(DIRECTIONS) Without carrying over a single picture, write out the records below exactly.

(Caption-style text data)
=== Begin Enclosure ===
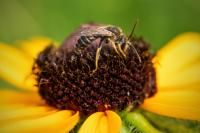 View photo in a new window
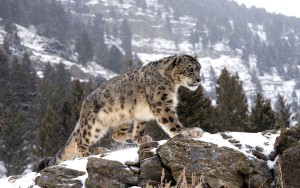Picture of endangered species | Article on endangered species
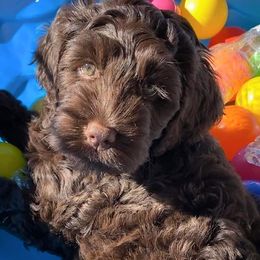 Australian Labradoodle Puppies from Lakeview Labradoodles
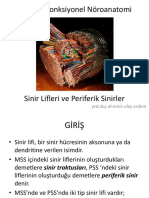 Fonksiyonel Nöroanatomi (PDFDrive)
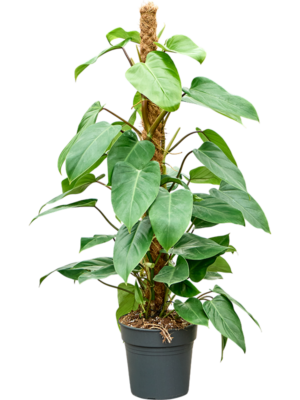 Philodendron ‘Emerald Queen’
=== End Enclosure ===
(RESULT OF THE EXERCISE)
 View photo in a new window
Picture of endangered species | Article on endangered species
 Australian Labradoodle Puppies from Lakeview Labradoodles
 Fonksiyonel Nöroanatomi (PDFDrive)
 Philodendron ‘Emerald Queen’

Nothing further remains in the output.